Catelyn sabía de quién hablaban; Jorah Mormont había llevado a su segunda esposa a Invernalia a algunos banquetes, y en cierta ocasión se quedaron quince días como invitados. Recordó que Lady Lynesse le había parecido muy joven, muy hermosa y muy desdichada. Una noche, después de varias copas de vino, llegó a confesar a Catelyn que el norte no era lugar para una Hightower de Antigua.

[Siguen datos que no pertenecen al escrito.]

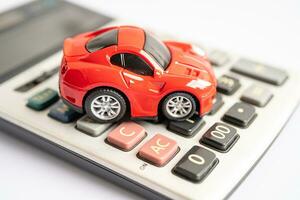 Bangkok, Thailand, September 1, 2023 Car on calculator, buying, loan or accident insurance concept. photo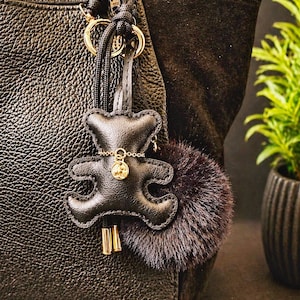 Könnte beinhalten: Schwarze Lederhandtasche mit einem Teddybär-Schlüsselanhänger und einem dunkelvioletten Fell-Pompon. Der Schlüsselanhänger hat eine goldene Kette und einen kleinen goldenen Anhänger. Die Tasche hat eine strukturierte Oberfläche und goldfarbene Hardware.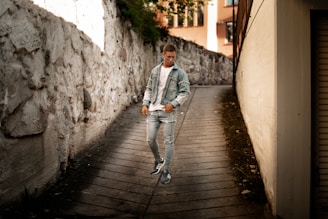A woman walking down an urban alley wearing a cropped leather biker jacket and black skinny jeans, with sunlight casting shadows.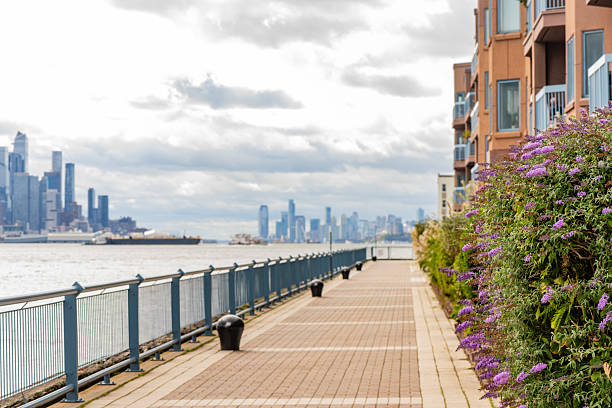 This is a photograph of the walking path along the Hudson River in  Edgewater, New Jersey on an overcast, autumn day with the Manhattan city skyline visible in the background.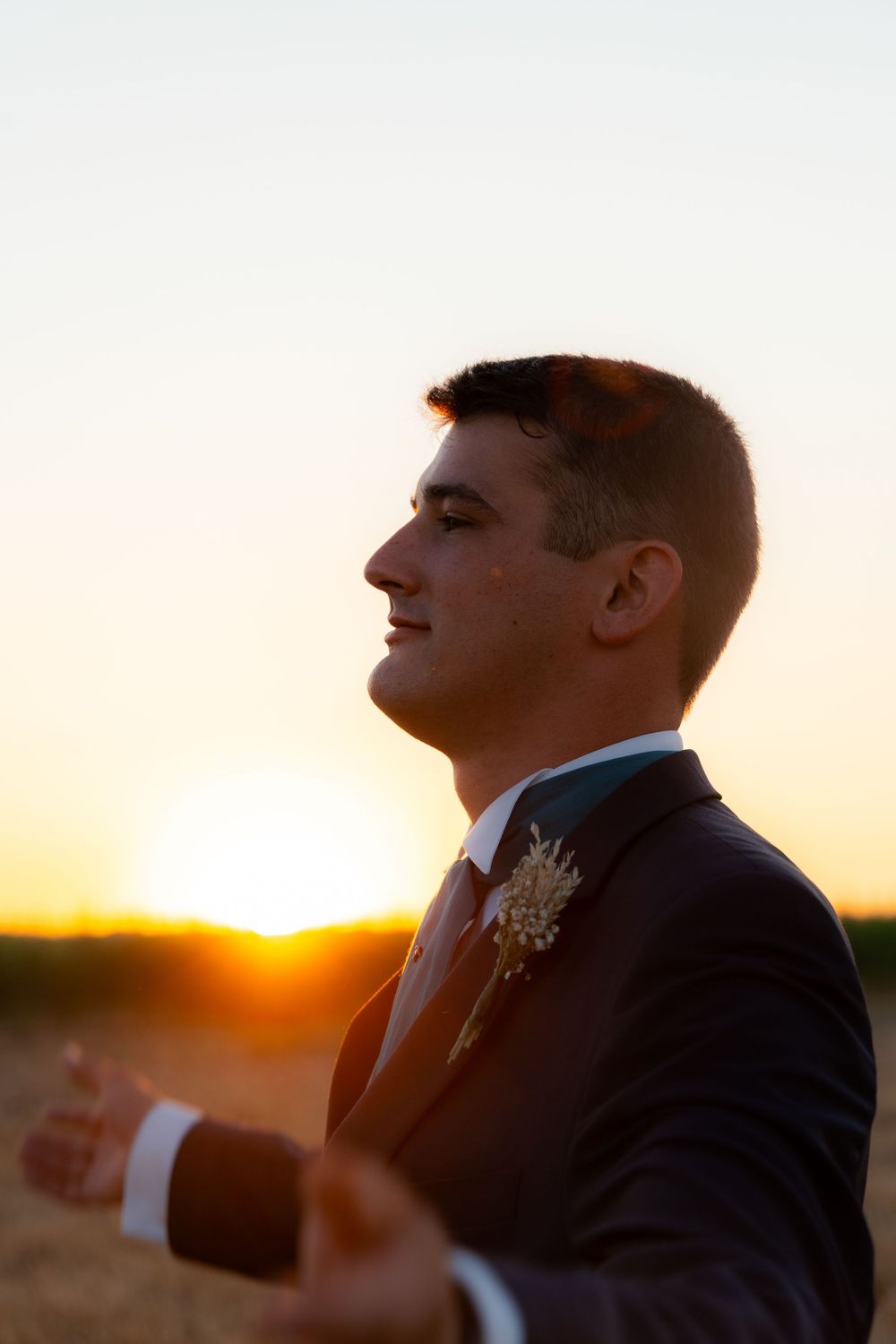 Groom in dark suit with boutonniere standing in profile against golden sunset in an open field.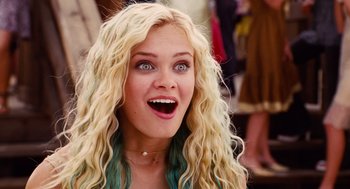 Movie still from “Aquamarine” (2006), directed by Elizabeth Allen Rosenbaum – A woman with blonde curly hair and a surprised look on her face; Close Up shot, Low angle
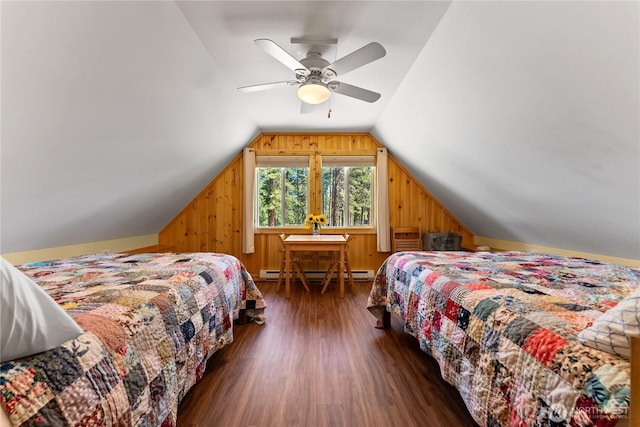 69 Ross Rd, Twisp, WA 98856 - bedroom featuring a baseboard radiator, wood finished floors, vaulted ceiling, wooden walls, and a ceiling fan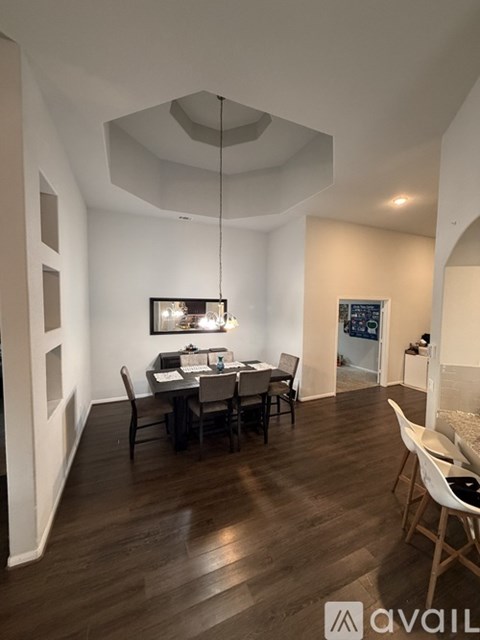 A dining room with a table set for four.
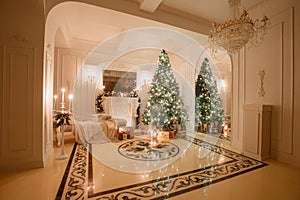 Christmas evening by candlelight. classic apartments with a white fireplace, decorated tree, bright sofa, large windows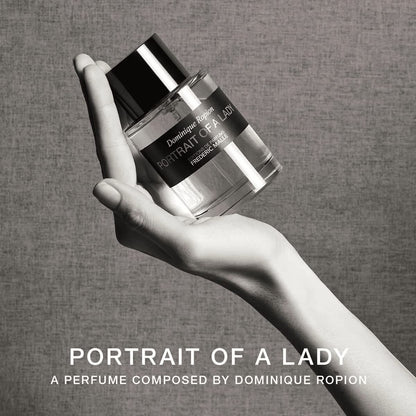 Close-up view of a Frederic Malle Portrait Of A Lady fragrance bottle held in an elegant hand against a deep background, emphasizing the label.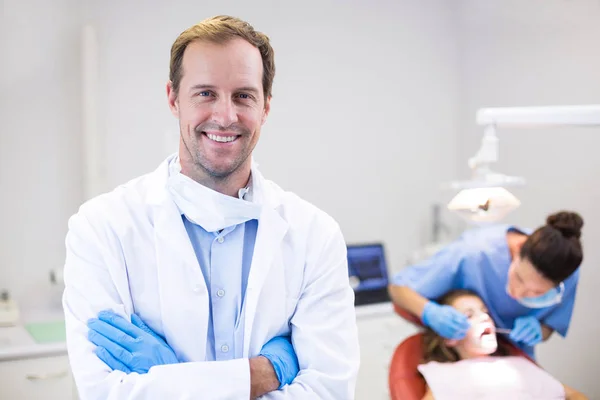 Tandarts permanent met armen gekruist in kliniek — Stockfoto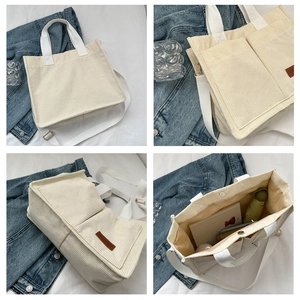 Detail view of beige corduroy tote bag showing front pockets and brown fashion leather tag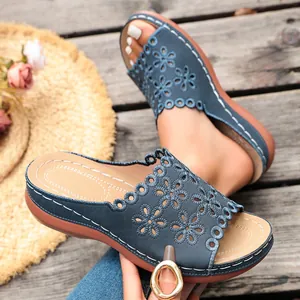 Close-up detail of blue laser-cut floral wedge sandals with platform soles for summer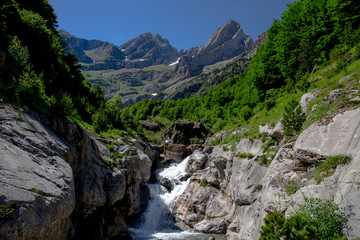 Fototapeta na wymiar Cinca waterfalls in National Park of Ordesa and Monte Perdido. Valley of Pineta, Bielsa, Spain.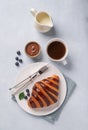 Fresh croissant with chocolate and blueberries on a white plate on a light background with a cup of black coffee and milk jug. Royalty Free Stock Photo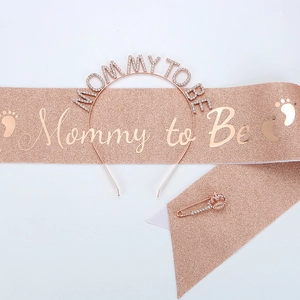 Detailed view of rose gold Mommy to Be tiara headband, glitter sash, and crown pin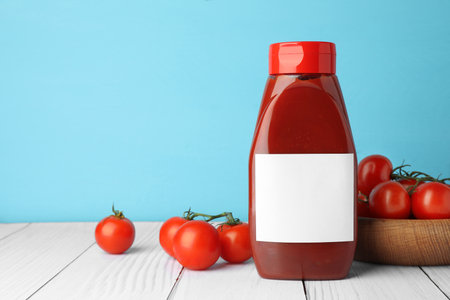 Bottle of tasty ketchup and tomatoes on white wooden table. Space for textの写真素材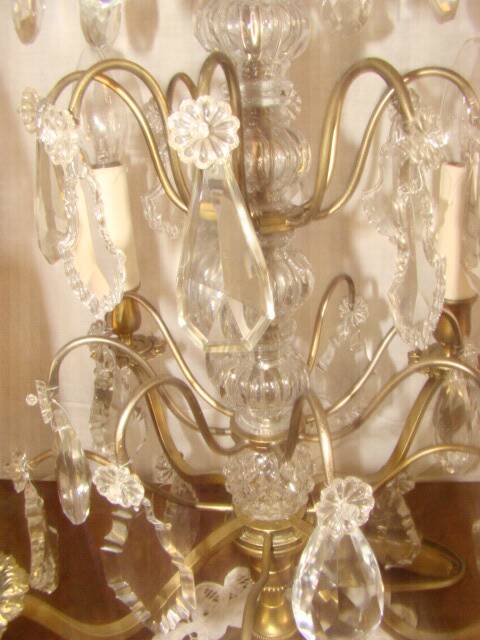 Four-candle girandole in bronze and crystal, early 20th century.
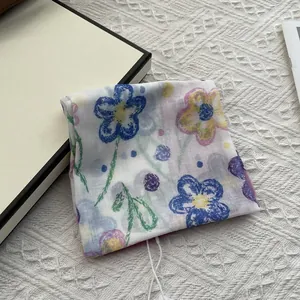 Detail of floral printed cotton linen square scarf with blue and yellow hand-painted patterns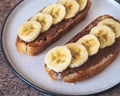 Healthy and delicious snack with peanut butter sandwiches and banana slices on a round plate, close-up Royalty Free Stock Photo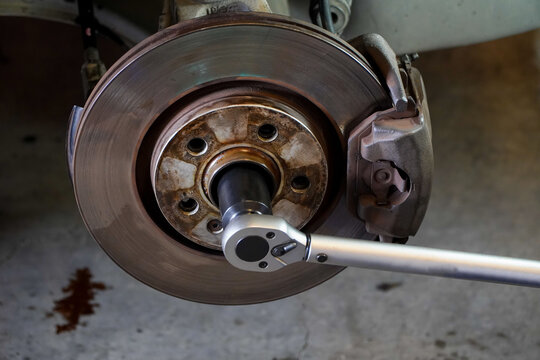 mechanic uses a pound wrench to tighten the car brake disc.car brake disc assembly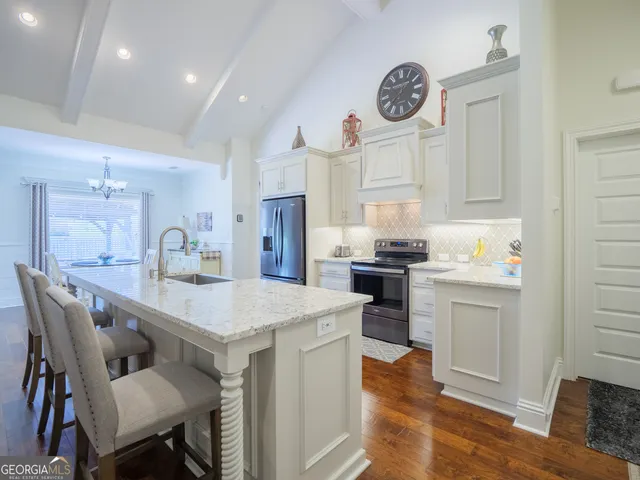 a kitchen with stainless steel appliances granite countertop a refrigerator and a stove top oven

—Hubo una Tully de Aguasdulces que hace mucho tiempo pensaba lo mismo —le respondió con cariño, en un intento de consolarla—, pero con el tiempo descubrió que aquí había muchas cosas a las que podía llegar a amar.
«Ahora ya no queda nada —reflexionó—. Invernalia, Bran, Rickon, Sansa, Arya... los he perdido a todos. Sólo me queda Robb. —Tal vez en ella había demasiado de Lynesse Hightower y demasiado poco de los Stark—. Si hubiera sabido manejar un hacha tal vez los habría podido proteger mejor.»
Tras un día amanecía otro, y la lluvia seguía cayendo. Cabalgaron todo el trayecto Forca Azul arriba, más allá de Sietecauces, donde los ríos se desenmarañaban en una confusión de arroyos y riachuelos, y atravesaron el Pantano de la Bruja, donde centelleantes estanques verdes aguardaban para engullir al incauto y el suelo blando sorbía los cascos de los caballos como un bebé hambriento aferrado al pecho de su madre. La marcha era peor que lenta. Tuvieron que abandonar entre las ciénagas la mitad de los carromatos y redistribuir su carga entre mulas y caballos.